Recall that we used the pysr.TemplateExpressionSpec method to constrain the structure of final expressions to be of "dijet-like" (see pysr config above): p[1] * f(x/13000) ^ g(log(x/13000)), while requiring both f and g to be polynomials. The searched f and g are shown in the PySR template spec column of the full csv file candidates.csv. The expressions shown in candidates_compact.csv and pdf files are after simplified algebraically.

The goodness-of-fit scores are plotted in candidates_gof.pdf, such as the chi2/ndf:

image

For other goodness-of-fit scores:

Click to expand

image

^ p-value

image

^ Root-mean-square error

image

^ Coefficient of determination R2

Now, lets take a look at one of the candidate functions, say candidate #13. The functional form can be found in the corresponding plots from the PDF files and in the csv table above, which is (after some algebraic simplication of the original template p[1] * f(x/13000) ^ g(log(x/13000))):

a7*(a6*x0*(a4*x0 + a5*x0*(a3*x0**2*(a2*x0**3 + a4*x0) + a4*x0)) + x0)**a1.
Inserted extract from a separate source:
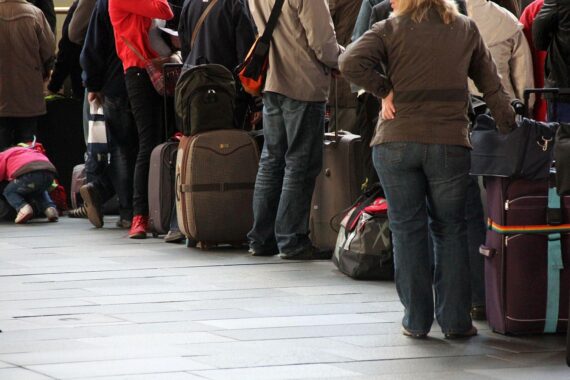 Digitaler Check-in am Flughafen, der Wartezeiten reduziert und Effizienz steigert.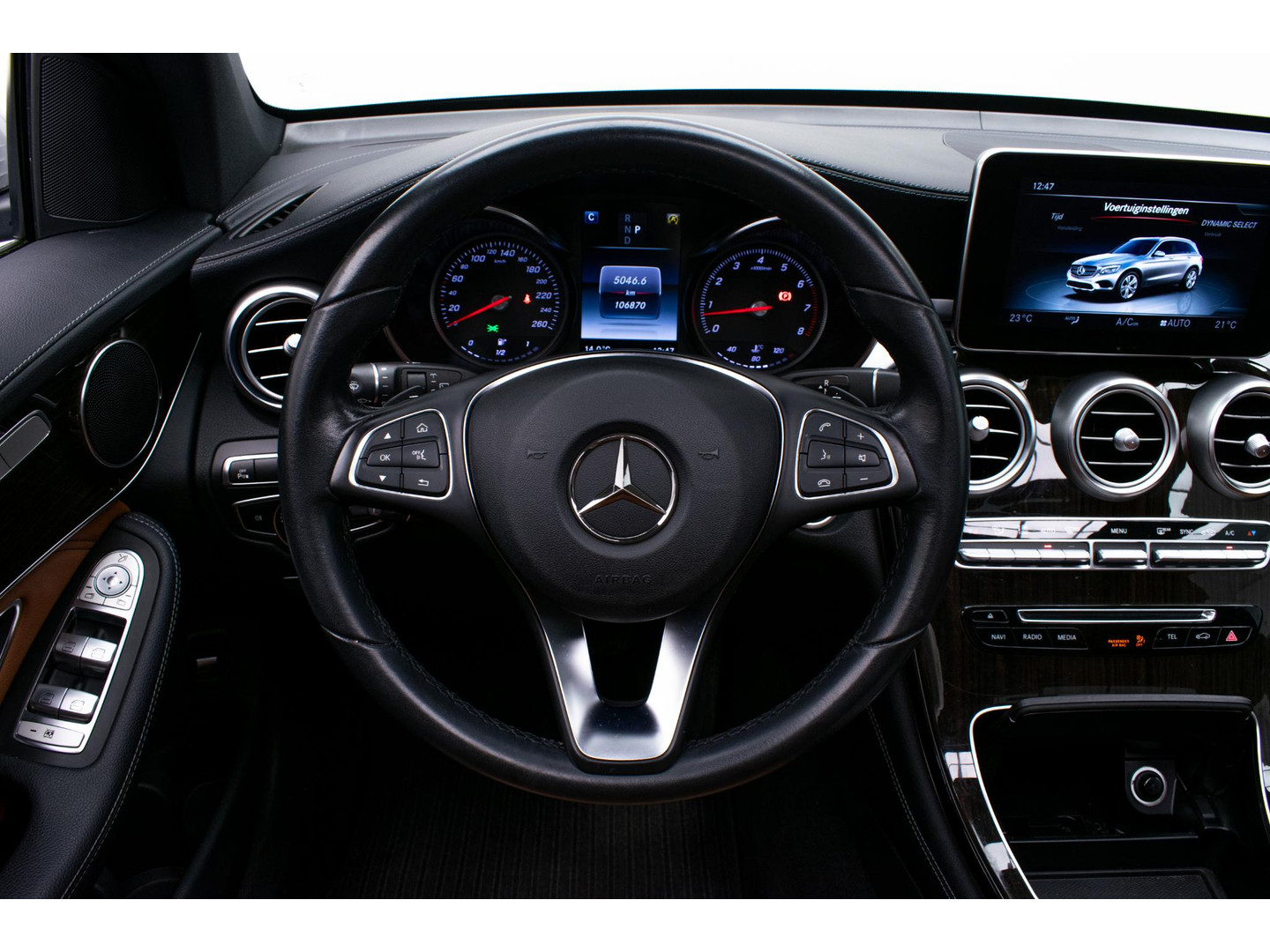 Mercedes-Benz Mercedes-Benz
To see what the template expressions f and g look like, they can be found in the PySR template spec column in the full candidates.csv file:

f = ((((((#1 * ((((#1 * #1) * (#1 * 1.2657217)) + #1) * #1)) + #1) * #1) * 7.4338403) + #1) * (#1 * 0.4126327)) + #1; g = -5.635317; p = [0.0016633321].

In this case, f is a polynomial of x/13000 of some degrees, and g is a constant function. Therefore, the algorithm finds that such a combination is already good to fit the dijet spectrum without needing a polynomial of log(x/13000) in the exponent g. Other suitable candidate functions may have very different combinations in f and g, as the equation space is still very large.

This candidate function has 7 parameters, originally: a1, a2, a3, a4, a5, a6, a7. However, there are only 3 final varying parameters: a5, a6, a7, as can be seen from the Parameters: (best-fit, +1, -1) column in the csv tables or directly from the pdf files:

{'a1': (-5.64, 0, 0), 'a2': (5.76e-13, 0, 0), 'a3': (5.92e-09, 0, 0), 'a4': (7.69e-05, 0, 0), 'a5': (0.000573849, 3.16e-05, -3.16e-05), 'a6': (0.409393, 0.0172, -0.0172), 'a7': (2.61919e+20, 2.13e+18, -2.13e+18)}

where a1, a2, a3, a4 have zeros at both +1 and -1 unc entries, meaning they were both held fixed during the re-optimization. This is because during the re-optimization loop, the objective function was too complex to minimize, therefore some parameters are held fixed to lower the number of degrees of freedom in order to achieve a better fit. This is common when the functions or the distribution shapes are not very simple.

To see how this candidate function behaves when each of these 3 parameters is varied to its +/-1 sigma value:

Click to expand

image

^ +/-1 sigma variations of parameter a5

image

^ +/-1 sigma variations of parameter a6

image

^ +/-1 sigma variations of parameter a7

image

^ Correlation matrix

As shown in the correlation matrix, these parameters are very anti-correlated in this case, so it will be nice to see the actual uncertainty coverage considering uncertainties from all parameters in a candidate function. These are plotted in candidates_sampling.pdf. Here, what it does is to generate an ensemble of functions for a candidate function by sampling its parameters, where the sampling is done by sampling from a multidimensional normal distribution for the parameters, with the best-fit parameter values being the mean location and the covariance matrix for the parameters being the covarience. In this way, the total uncertainty is obtained by considering uncertainties from all parameters simultaneously. Then the 68% quantile range of this function ensemble as green bands in the plots and compared with the input data.

image

Note the 95% quantile range can also be added by sampling_95quantile = True.